An athlete born in the year (1976, that is) that Rocky Balboa first fought on the silver screen would probably be nearing retirement now, if he or she had not retired already. But Balboa himself (played, as always, by Sylvester Stallone) keeps turning up. This is not without risks of seeming exploitative. Worse, it is not without risks of seeming redundant. (Have you ever read Jean Christophe, Romain Rolland’s ten-volume biopic novel of its eponymous protagonist? Me neither.) If there is one chief strength of the new addition to the Rocky franchise, it is that the movie manages to be a fairly standard uplifting Hollywood drama without being the metaphorical equivalent of the last bit of toothpaste being squeezed out of an old tube.
That is to say that Creed is actually pretty good. It justifies its own existence without leaning to heavily on its predecessors. That doesn’t mean that it’s great and it doesn’t mean that it’s surprising. But Ryan Coogler (best known previously for his docudrama Fruitvale) demonstrates that sometimes you can fill old wineskins with new wine and, if the skin doesn’t break, the wine is still worth drinking. The new story, in this case, arrives in the shape of the film’s main character, Adonis Johnson (Michael B. Jordan), a lovechild of Apollo Creed determined more than anything to prove that he is more than the wages of a one-night-stand.

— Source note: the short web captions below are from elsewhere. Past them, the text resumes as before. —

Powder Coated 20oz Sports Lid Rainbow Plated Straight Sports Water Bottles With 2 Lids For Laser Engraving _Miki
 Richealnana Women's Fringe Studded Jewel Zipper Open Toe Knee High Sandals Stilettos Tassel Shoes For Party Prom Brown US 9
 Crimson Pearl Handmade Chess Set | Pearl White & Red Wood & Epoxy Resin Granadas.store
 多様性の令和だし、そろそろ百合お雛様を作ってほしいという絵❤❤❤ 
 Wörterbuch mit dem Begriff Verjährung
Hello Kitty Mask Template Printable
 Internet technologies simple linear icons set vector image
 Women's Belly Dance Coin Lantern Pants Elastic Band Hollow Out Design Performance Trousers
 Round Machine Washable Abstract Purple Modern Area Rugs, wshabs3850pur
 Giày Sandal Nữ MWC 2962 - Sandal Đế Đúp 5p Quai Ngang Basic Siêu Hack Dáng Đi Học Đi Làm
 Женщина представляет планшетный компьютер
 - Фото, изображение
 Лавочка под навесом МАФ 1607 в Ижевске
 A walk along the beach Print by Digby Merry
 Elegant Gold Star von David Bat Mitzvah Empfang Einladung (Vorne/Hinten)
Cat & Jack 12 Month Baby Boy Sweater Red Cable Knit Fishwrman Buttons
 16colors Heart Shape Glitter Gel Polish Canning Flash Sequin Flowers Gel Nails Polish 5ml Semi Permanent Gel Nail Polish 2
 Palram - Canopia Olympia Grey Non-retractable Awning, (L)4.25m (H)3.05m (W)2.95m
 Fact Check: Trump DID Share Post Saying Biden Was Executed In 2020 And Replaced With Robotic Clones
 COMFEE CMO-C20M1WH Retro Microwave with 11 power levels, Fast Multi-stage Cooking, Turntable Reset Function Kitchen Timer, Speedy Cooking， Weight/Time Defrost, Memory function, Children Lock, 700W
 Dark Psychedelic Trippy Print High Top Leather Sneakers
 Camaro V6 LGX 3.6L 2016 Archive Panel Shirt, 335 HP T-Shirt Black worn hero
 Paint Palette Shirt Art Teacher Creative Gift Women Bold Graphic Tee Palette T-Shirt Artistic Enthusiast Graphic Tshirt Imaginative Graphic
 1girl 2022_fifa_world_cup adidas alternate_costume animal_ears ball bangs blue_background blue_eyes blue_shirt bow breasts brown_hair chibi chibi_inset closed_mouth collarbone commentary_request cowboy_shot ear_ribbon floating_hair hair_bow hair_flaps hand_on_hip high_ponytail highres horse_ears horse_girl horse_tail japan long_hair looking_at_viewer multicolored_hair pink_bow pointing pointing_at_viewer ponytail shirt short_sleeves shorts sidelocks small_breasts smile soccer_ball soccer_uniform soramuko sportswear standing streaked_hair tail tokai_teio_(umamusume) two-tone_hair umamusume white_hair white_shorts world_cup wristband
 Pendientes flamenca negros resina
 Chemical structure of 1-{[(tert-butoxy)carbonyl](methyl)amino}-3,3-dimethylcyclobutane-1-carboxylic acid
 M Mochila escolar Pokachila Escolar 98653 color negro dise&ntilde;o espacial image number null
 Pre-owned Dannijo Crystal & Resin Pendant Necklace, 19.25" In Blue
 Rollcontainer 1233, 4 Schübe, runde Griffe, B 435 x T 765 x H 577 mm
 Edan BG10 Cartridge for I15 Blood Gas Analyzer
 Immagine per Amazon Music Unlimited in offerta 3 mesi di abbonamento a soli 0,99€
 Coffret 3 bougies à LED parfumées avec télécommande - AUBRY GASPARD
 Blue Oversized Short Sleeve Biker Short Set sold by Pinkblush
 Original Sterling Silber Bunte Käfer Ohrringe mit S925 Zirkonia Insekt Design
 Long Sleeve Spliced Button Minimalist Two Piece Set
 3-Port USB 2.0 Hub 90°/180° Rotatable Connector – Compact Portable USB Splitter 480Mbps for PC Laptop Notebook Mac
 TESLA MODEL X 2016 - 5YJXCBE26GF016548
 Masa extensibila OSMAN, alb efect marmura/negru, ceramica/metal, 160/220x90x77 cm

Mr. Jordan is up to the task, assisted by the fact that his character, while an underdog, is not a stereotypical one. Unlike the Rocky of the 1976 film, he is not down on his luck, but has a tendency to run away from the kind of luck that he gets. Yes, he spent part of his childhood in the juvenile criminal justice system, but after being adopted by Apollo Creed’s widow (Phylicia Rashad), his upbringing is of the privileged variety that allows him to quit a promising career at a corporate, coat-and-tie job, lose his classic 1965 Ford Mustang in an ill-advised fight with a much more experienced fighter and move to Philadelphia to pursue a full-time boxing career without so much as getting part-time work.
But there is still plenty of adversity. Much of this adversity is attributable to the directorial skill of Ryan Coogler. Boxing, while not nearly as popular a national pastime as football, is nonetheless the favored competition when it comes to sports movies. Boxing in movies rarely looks like the real deal, but with Coogler’s up-close-and-personal, almost claustrophobic camera work in the ring, it feels real enough. Thanks to Coogler’s work, the audience can almost feel the resounding ache that echoes in the head that is on the receiving end of a fist.
Mr. Stallone’s Rocky is there—as Johnson’s trainer and surrogate uncle—to remind the audience that the effects of getting knocked about last long after the initial pain goes away. It is not accurate to say that Mr. Stallone can play himself. He is not Rocky Balboa. Despite his career possibly being disappointing to critics,1 Mr. Stallone has managed to remain successful well beyond middle age. But he can play characters who he might have become (in this case the old Philadelphia warrior) with a raw power that still commands the screen as well as the ring. He doesn’t appear to have changed much, or had any desire for change, since the passing of his wife. He still lives and runs a restaurant in dilapidated Philadelphia. When his young protégé assures him that he has downloaded his suggested boxing drills to “the cloud”, the old fighter’s eyes scan the sky for a passing cumulonimbus.
Like this character, the film is short on surprises. It follows a fairly mainstream trajectory from the initial failure, through the search for the mentor, to the young romance (with Tessa Thompson’s club singer Bianca as the love interest), to the training, breaking-in-fight and eventual final match. But Mr. Coogler is a smart enough director to make these conventional elements seem real rather than forced. And the Philadelphia of the film’s setting is filled in with the right details also (sure enough, Philly Cheese steak sandwiches make a cameo appearance in a restaurant which will, no doubt, soon become a hipster watering-hole.)
But, like most movies in the series, this is a story about that ever-so American concept: the future. Being a Rocky movie rather than a Scorsese or Eastwood production, it is not hard to guess that this will be one for those who prefer the Nahum Tate version. But, with so much John Webster on the screens these days, a little bit of Nahum Tate is not always a bad thing. Sometimes, it can be surprisingly relieving. And, nearly 40 years out, it is good to see that the Italian Stallion and his successors can still convince us to wish them luck. They’re going to need it.
(1) On the release of the first Rocky (1976), Roger Ebert suggested that Stallone could act like a young Marlon Brando. After the release of Judge Dred and The Expendables 3, this judgment seems premature. Then again, older Marlon Brando did star in The Missouri Breaks, The Formula and The Island of Dr. Moreau.